Scraped caption text data
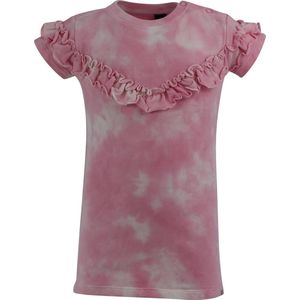 Born by Kiddo United - LouLou Dress - Roze - Mt 86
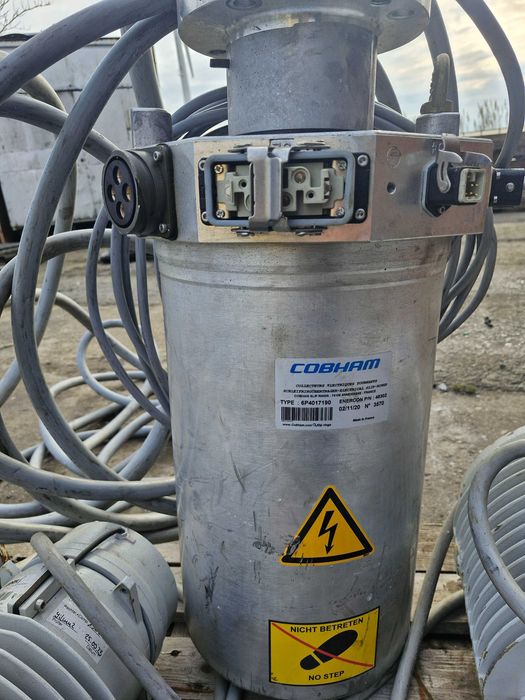 sliping silniki do skrzydeł enercon e66 e70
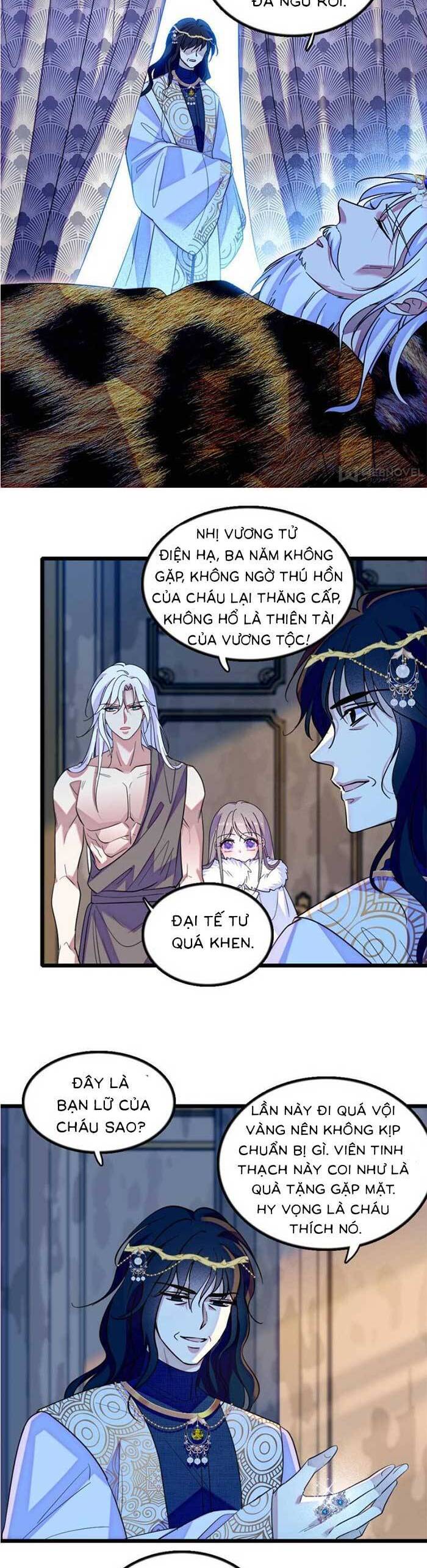 Manh Động Thú Thế Chapter 158 - 5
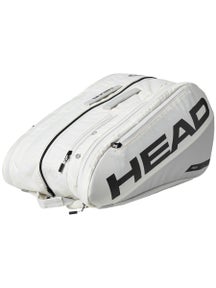 Head Tour Padel Bag L Off White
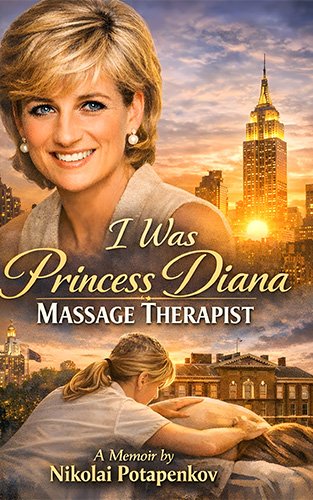 Biography cover by European Author House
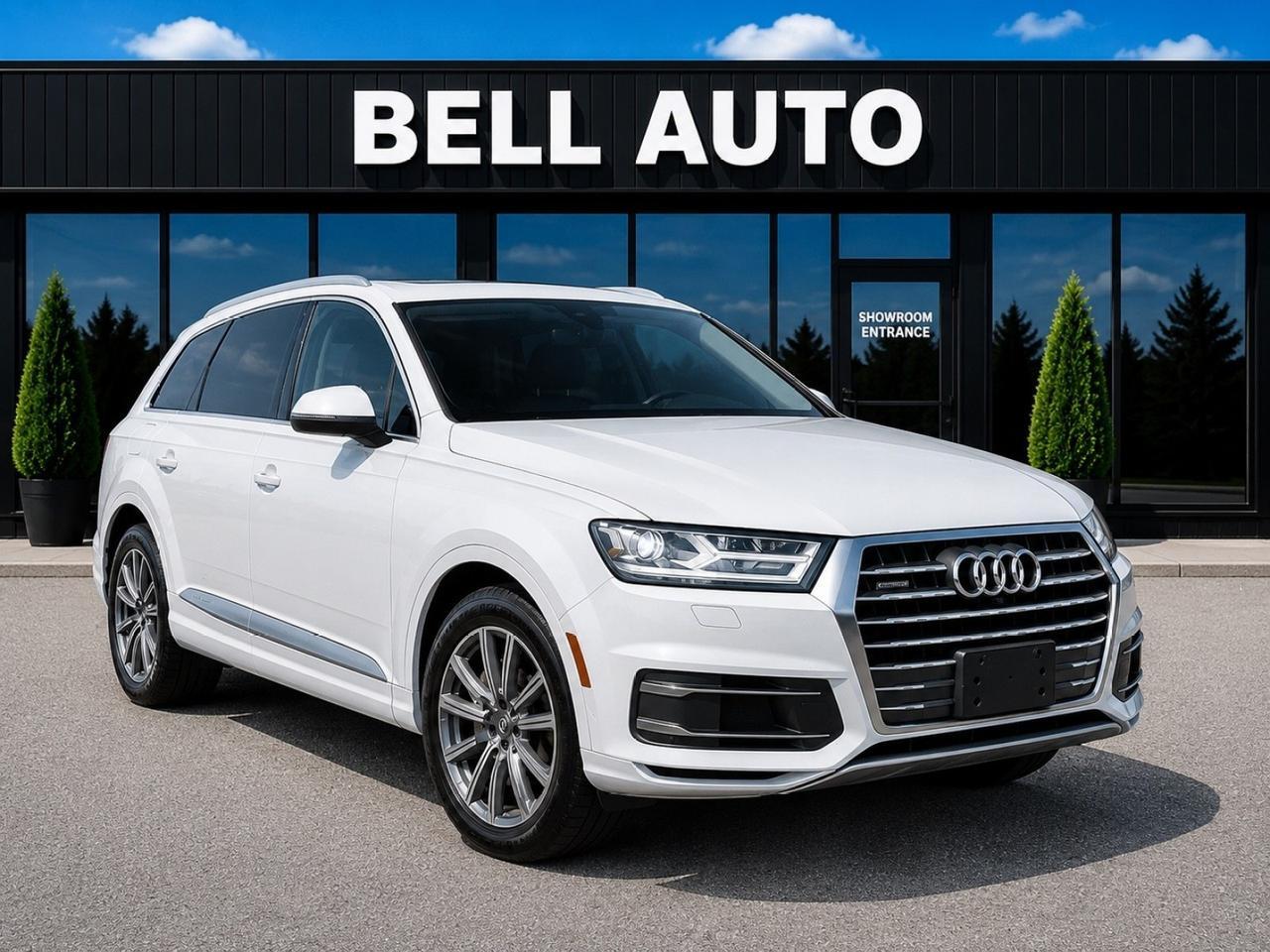 2019 Audi Q7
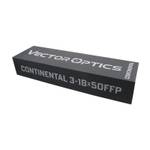 Оптический прицел Vector Optics FFP Continental x6 3-18x50 ( установка на Тигр, СВД, ОП-СКС, ВПО-208 / Сетка VCT / с подсветкой )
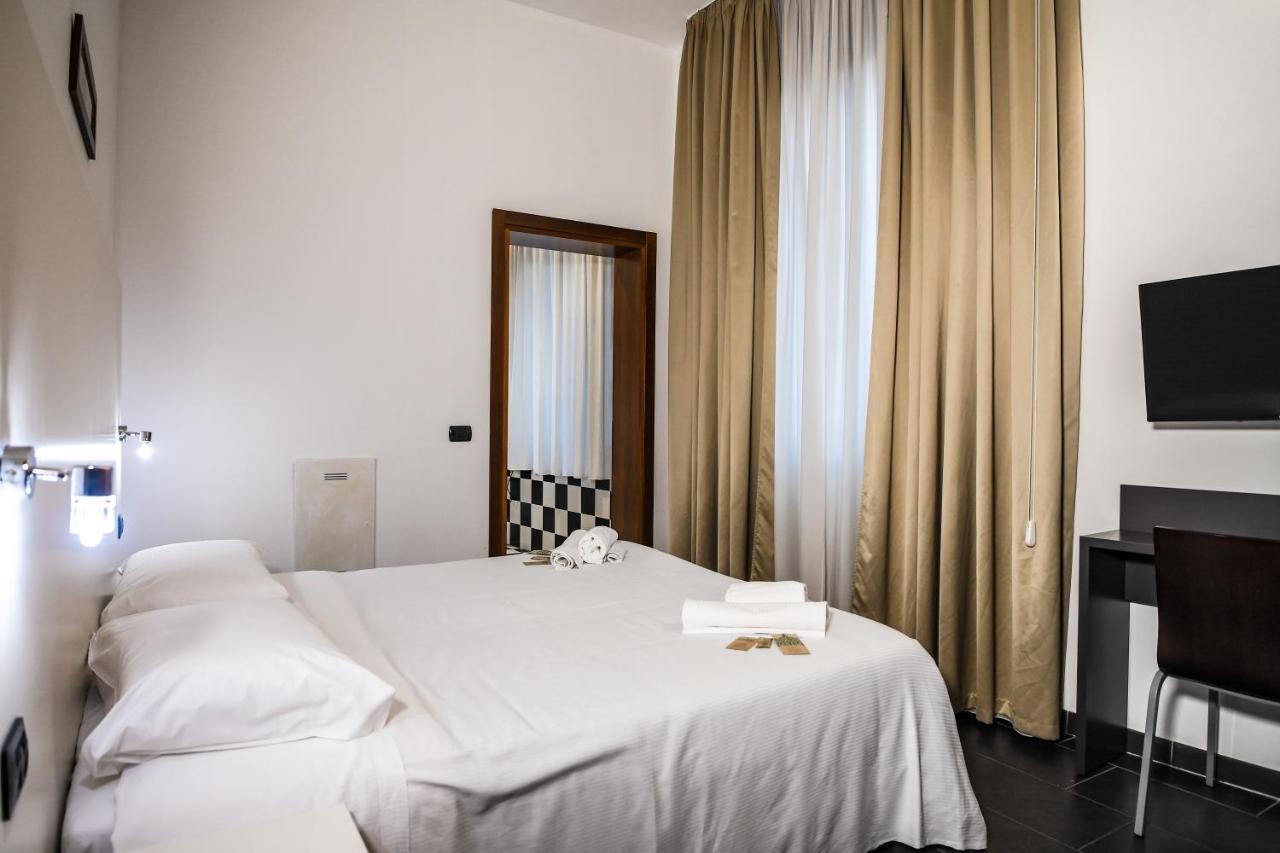 Zen Hotell Ferrara Exteriör bild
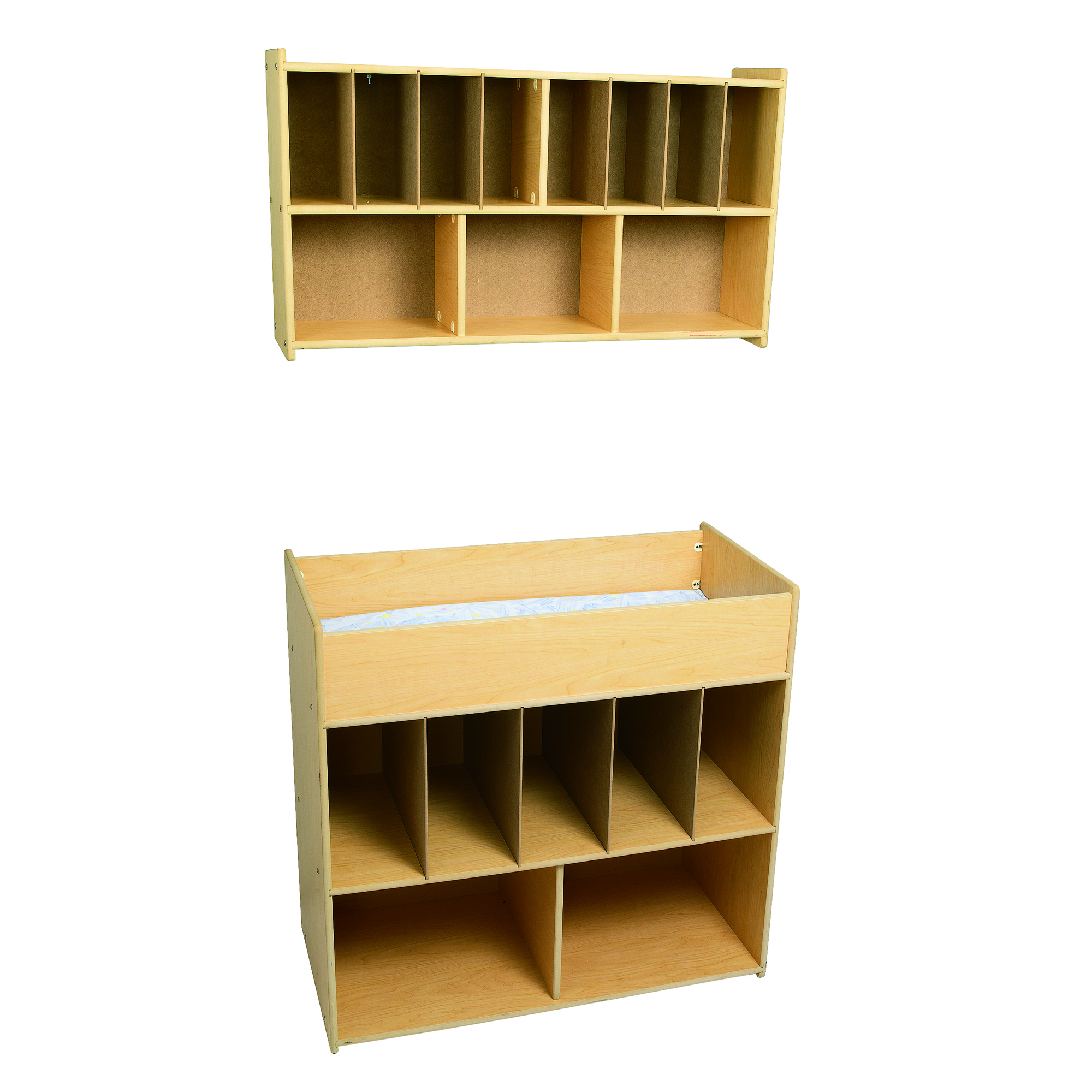 Value Line™ Wall Diaper Shelf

WHAT YOU ARE ASKED TO DO: The records above should be reproduced exactly, with the pictures omitted.

SOLUTION:
 Born by Kiddo United - LouLou Dress - Roze - Mt 86
 sliping silniki do skrzydeł enercon e66 e70
 Manh Động Thú Thế Chapter 158 - 5
 Head Tour Padel Bag L Off White
 Biography cover by European Author House
 2019 Audi Q7
 Оптический прицел Vector Optics FFP Continental x6 3-18x50 ( установка на Тигр, СВД, ОП-СКС, ВПО-208 / Сетка VCT / с подсветкой )
 Zen Hotell Ferrara Exteriör bild
 Value Line™ Wall Diaper Shelf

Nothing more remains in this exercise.